Mapo tofu, the beloved Sichuan dish, historically comes bathed in a daring, spicy, deeply umami sauce. Whereas this mapo tofu interpretation comes with three essential variations – meat-free, chilly and no-cook – it’s imbued with the identical huge flavors and textures of the unique dish. Doubanjiang and Sichuan peppercorns – the signature seasonings of mapo tofu – mix with aromatics to create a fast, punchy sauce that turns a block of chilly tofu right into a meal. Style your model of doubanjiang so that you’re accustomed to how spicy and salty the bean sauce is; then modify the quantity you employ accordingly. There are various wonderful manufacturers available on the market, however search for ones labeled Pixian which denotes it was made within the space of Chengdu, China, which is the house of mapo tofu. A superb model that’s obtainable in america is Juan Cheng.

Notes: Silken tofu that is available in plastic containers might be tough to take away with out breaking up. Utilizing sharp kitchen scissors, fastidiously trim off the sides of the field and peel the plastic cowl off fully, then place a clear towel over the tofu, adopted by a plate, and flip it over. Snip every of the 4 corners of the plastic container off to assist launch the plastic container from the tofu and punctiliously elevate it proper off. Your tofu needs to be intact. Fold the edges of the towel over the tofu or place one other on prime.

To grind Sichuan peppercorns, put them in a mortar and pestle and bash them till coarsely floor – there will likely be high quality powder combined up with bits of smashed husks. Use all of it.

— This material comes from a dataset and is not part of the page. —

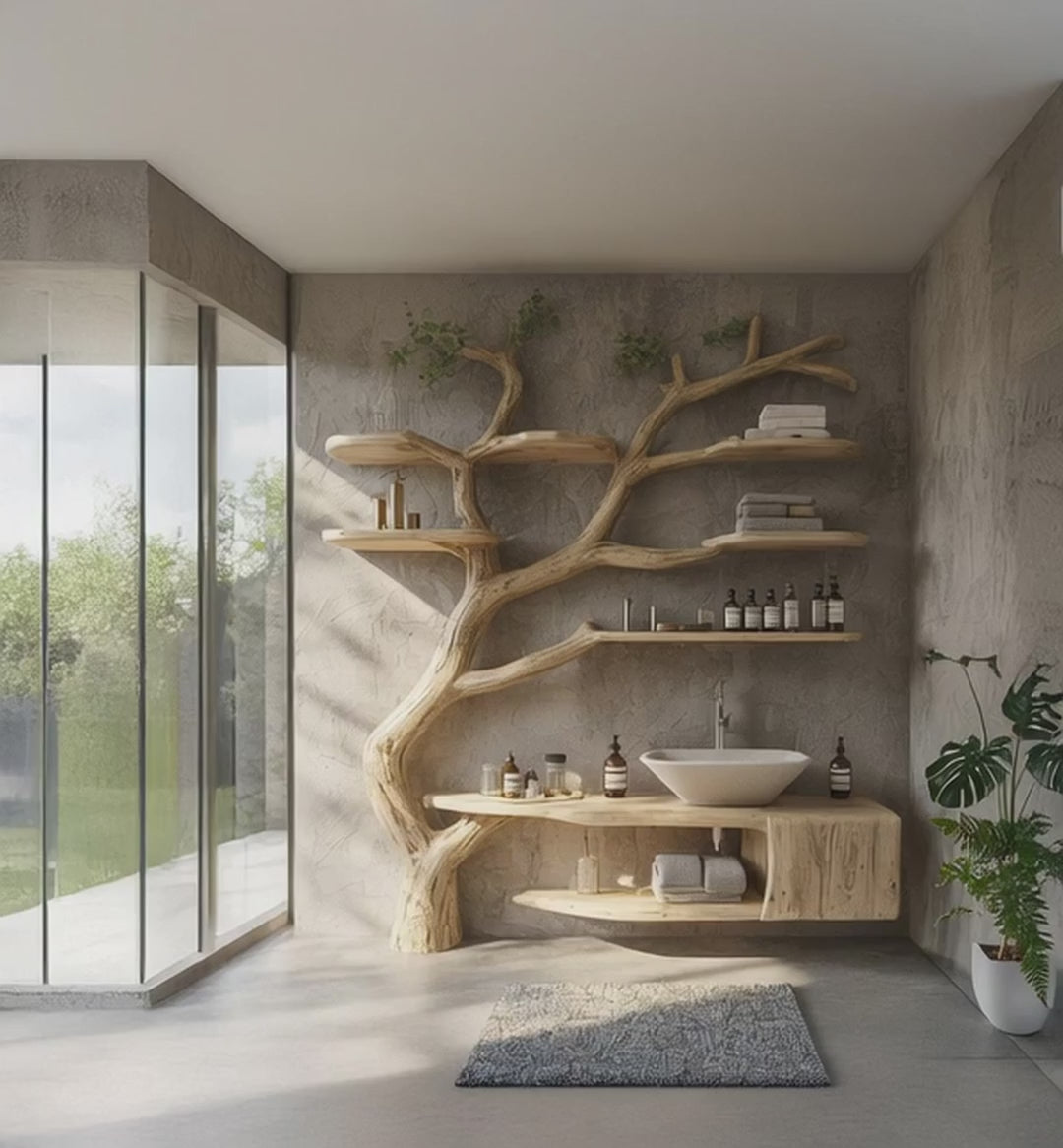 Rustic Solid Wood Vanity – Handmade Bathroom Sink with Floating Tree Branch Shelves, Artistic Home Decor Gift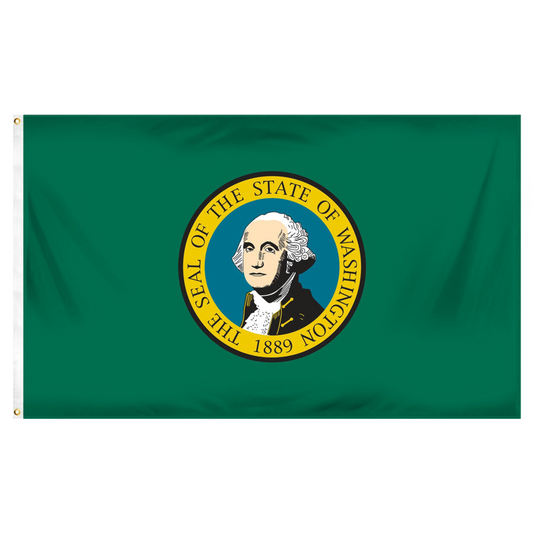State of Washington flag featuring the distinctive full-color state seal and 'The Seal of the State of Washington 1889' text on a solid dark green field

In the event you desire, substitute entire dried pink chiles or crushed pink pepper flakes (however you received’t get the tingly, numbing impact the Sichuan pepper presents!).

Doubanjiang goes by many names: It’s typically offered as spicy bean paste, spicy broad bean paste, broad bean chili sauce or fermented chili bean paste. There are two varieties of doubanjiang: One packed in oil that tends to be spicier, whereas the opposite is a chunkier paste. Each will work on this recipe, however differ the quantities relying how spicy you need it.

The place to purchase: Doubanjiang and Sichuan peppercorns might be discovered at Asian markets or on-line.

Storage: Refrigerate leftovers for as much as 4 days.

From cookbook creator Hetty Lui McKinnon.



  1. Step 1

    Drain the tofu: Fastidiously drain the liquid from the packages of tofu (see NOTES), and gently tip the blocks onto a kitchen towel and canopy with a second towel. (Attempt to hold the blocks in a single piece, if potential, however don’t fear in the event that they collapse.) Let drain whilst you put together the sauce.

  2. Step 2

    Make the mapo sauce: In a medium bowl, stir collectively the water, doubanjiang and sugar till the sugar is dissolved and the doubanjiang is damaged up. Add the garlic, ginger, sesame oil, rice vinegar and Sichuan pepper, and stir till the combination is uniform and pourable. If it’s too thick or spicy, stir in one other 1 to 2 teaspoons of water; you need to have about 1/2 cup.

  3. Step 3

    Assemble the dish: Uncover the tofu, slice into bite-size cubes and switch to a rimmed platter. Pour the sauce over the tofu, and prime with the scallions and sesame seeds. Eat as is, or with rice.

Dietary Info

Per serving (1 cup tofu, 2 tablespoons sauce)

  • Energy


  • Carbohydrates

    10 g

  • Fats

    12 g

  • Fiber

    1 g

  • Protein

    16 g

  • Saturated Fats

    2 g

  • Sodium

    512 mg

  • Sugar

    5 g

This evaluation is an estimate primarily based on obtainable components and this preparation. It shouldn’t substitute for a dietitian’s or nutritionist’s recommendation.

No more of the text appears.